Aim of the task:
Where an entry holds an image, leave the image out; otherwise reproduce the entry exactly.

(Source data Opens)

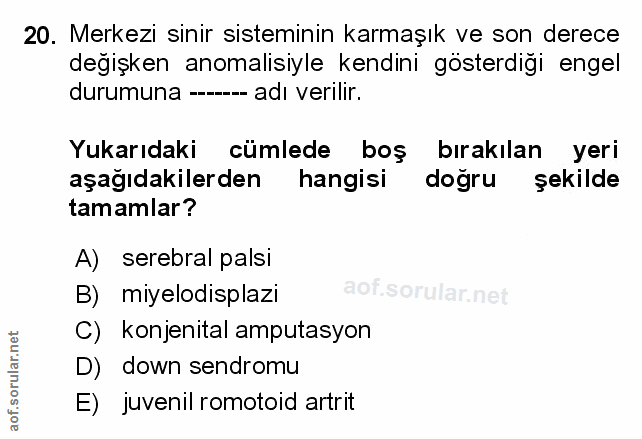 Soru 20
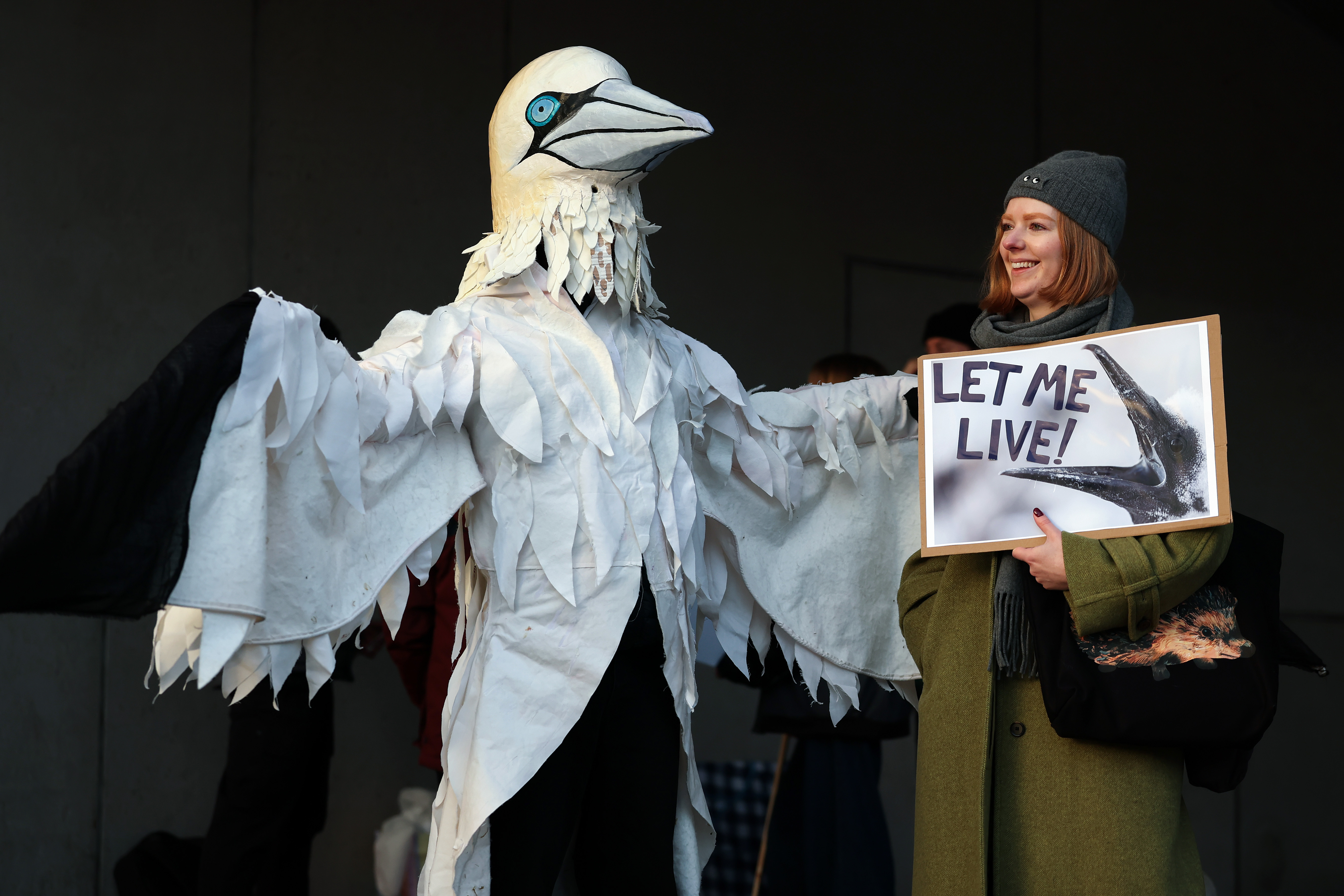 Campaigners Protest Against Guga Hunt During Petitions Committee Meeting At Scottish Parliament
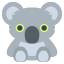 koala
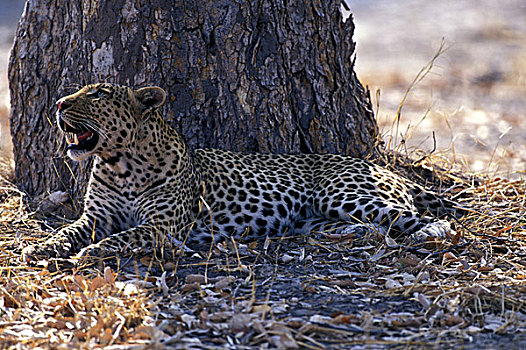博茨瓦纳,莫雷米禁猎区,成年,雄性,豹,休息,树影,靠近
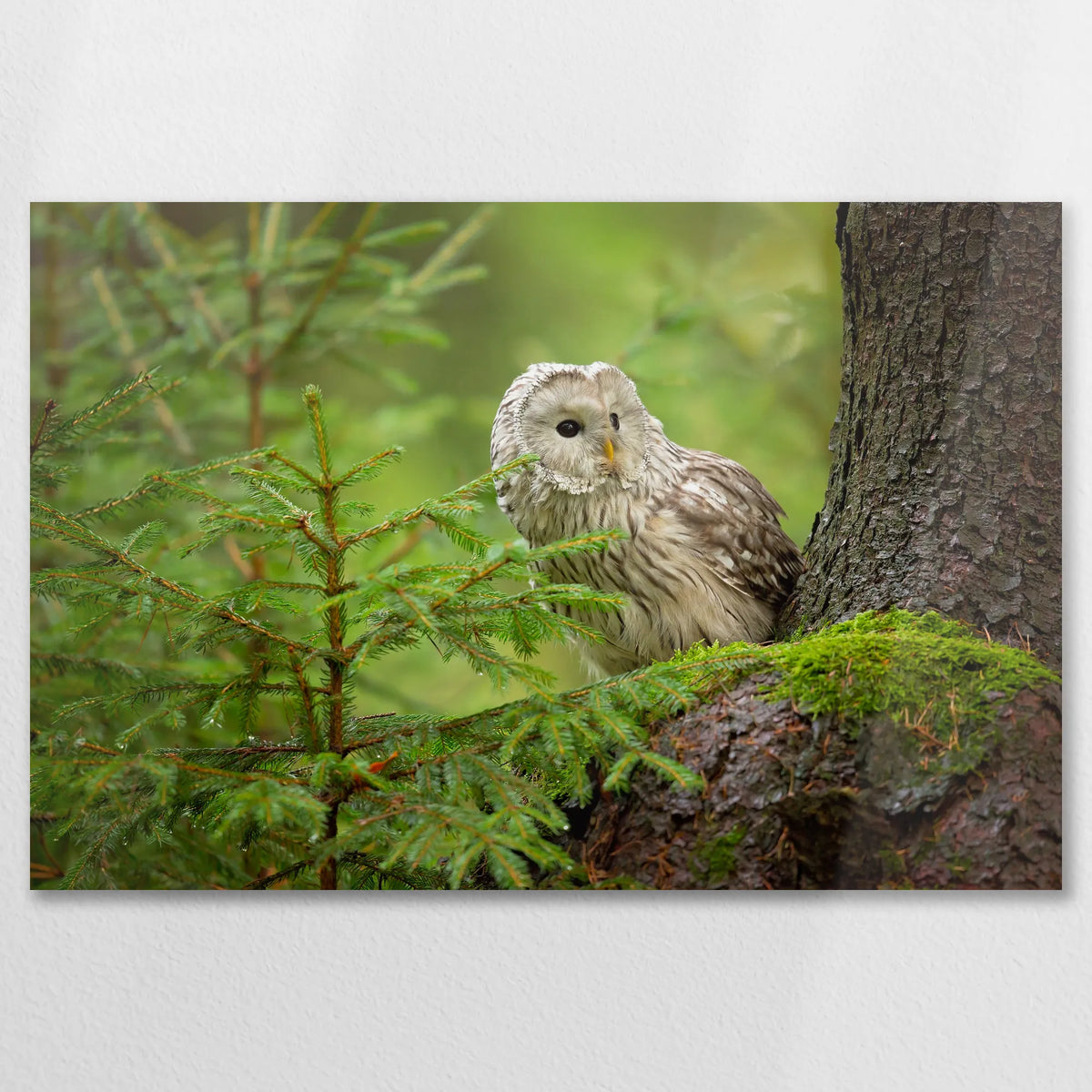 AL-075W050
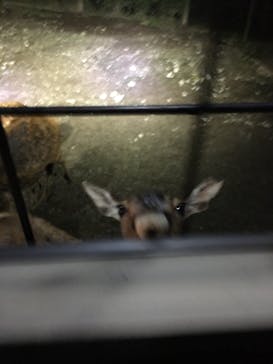 那須サファリパークに投稿された画像（2021/8/15）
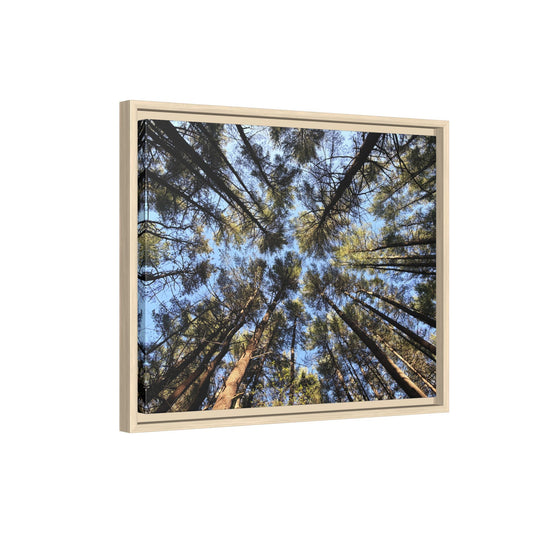 Forest Canopy Matte Canvas Framed Print (original photography by Kind River Studio)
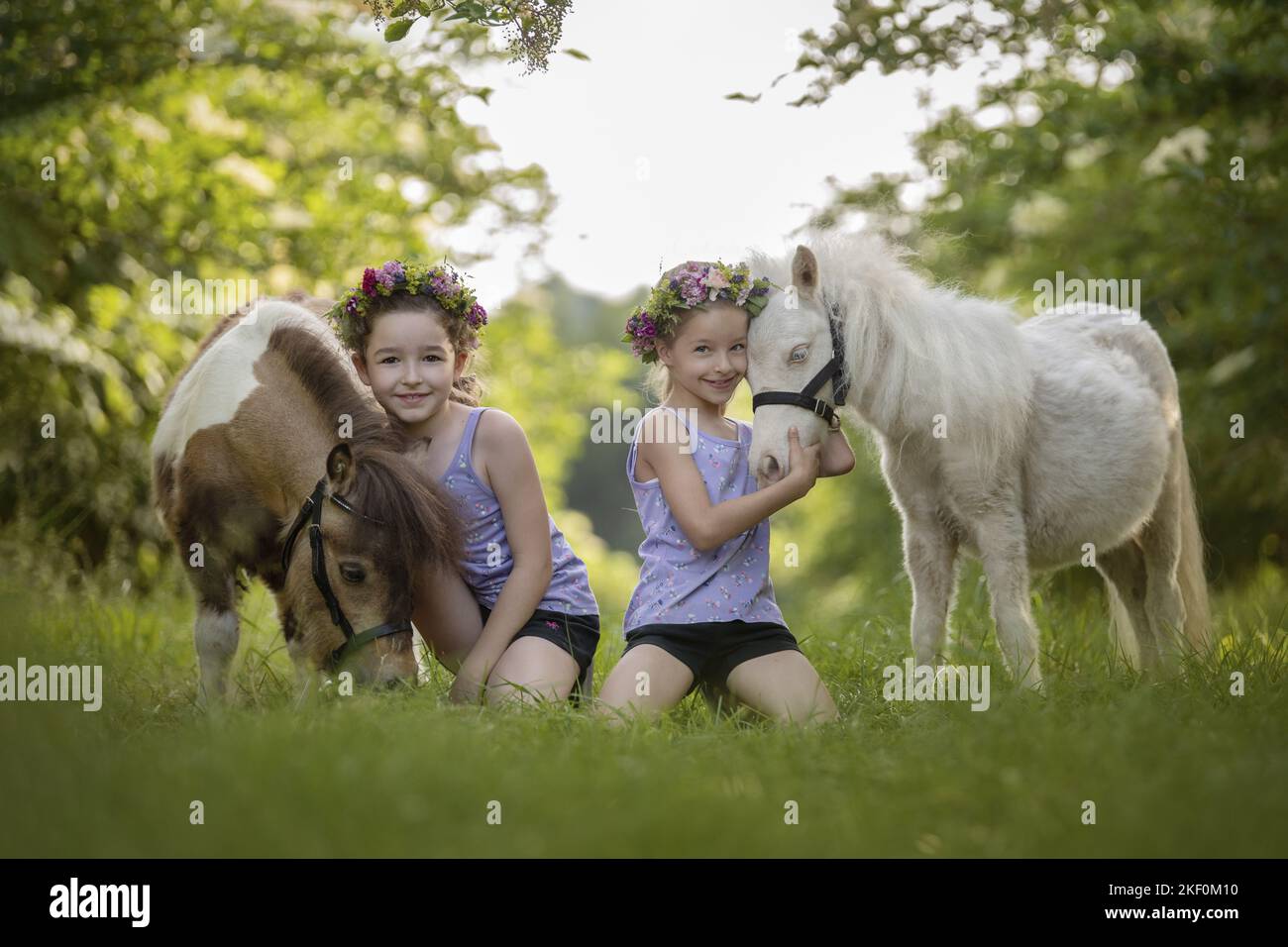 Mädchen und Mini Shetland Ponys Stockfoto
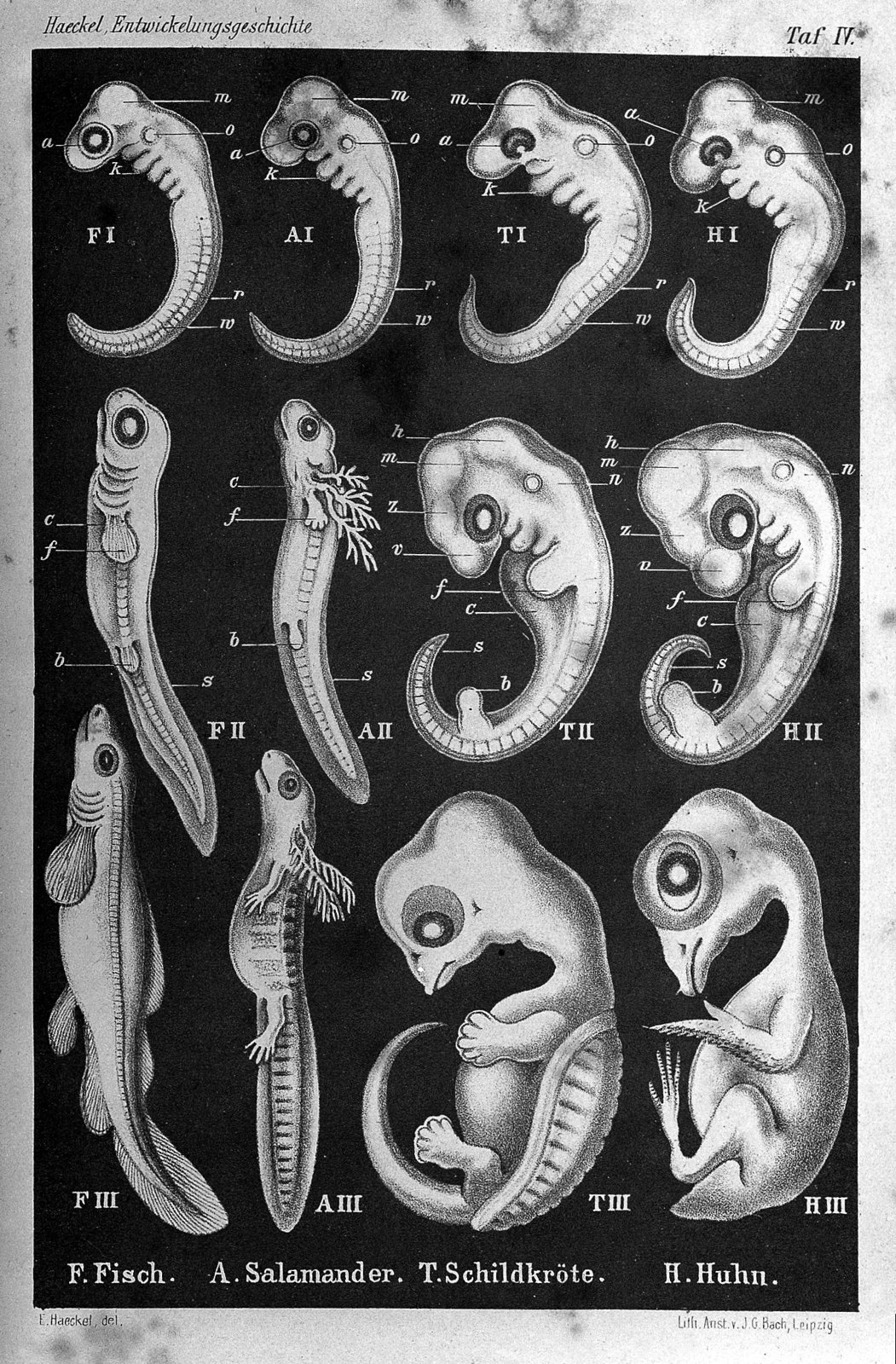 Ernst Haeckel, Anthropogenie. Wellcome L0027292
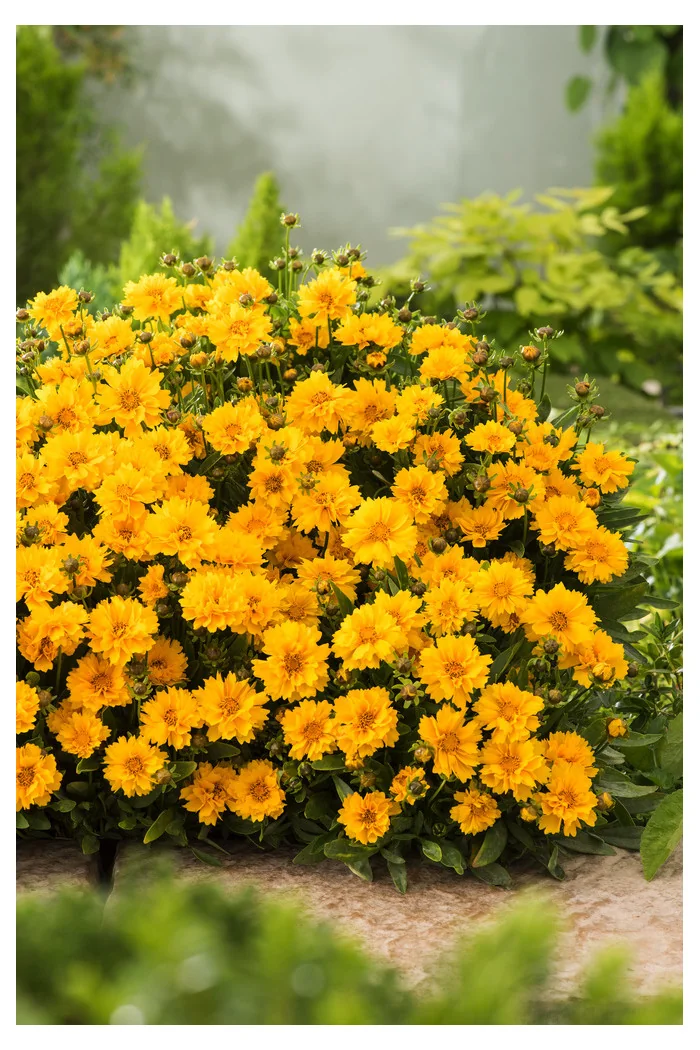 nachyłek, nachyłek wielkokwiatowy, nachyłek presto, coreopsis, coreopsis presto, bylina na słońce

(Source data Closes)

Problem solution:
 Soru 20
 Campaigners Protest Against Guga Hunt During Petitions Committee Meeting At Scottish Parliament
 koala
博茨瓦纳,莫雷米禁猎区,成年,雄性,豹,休息,树影,靠近
 AL-075W050
 那須サファリパークに投稿された画像（2021/8/15）
 Forest Canopy Matte Canvas Framed Print (original photography by Kind River Studio)
 Mädchen und Mini Shetland Ponys Stockfoto
 Ernst Haeckel, Anthropogenie. Wellcome L0027292
 nachyłek, nachyłek wielkokwiatowy, nachyłek presto, coreopsis, coreopsis presto, bylina na słońce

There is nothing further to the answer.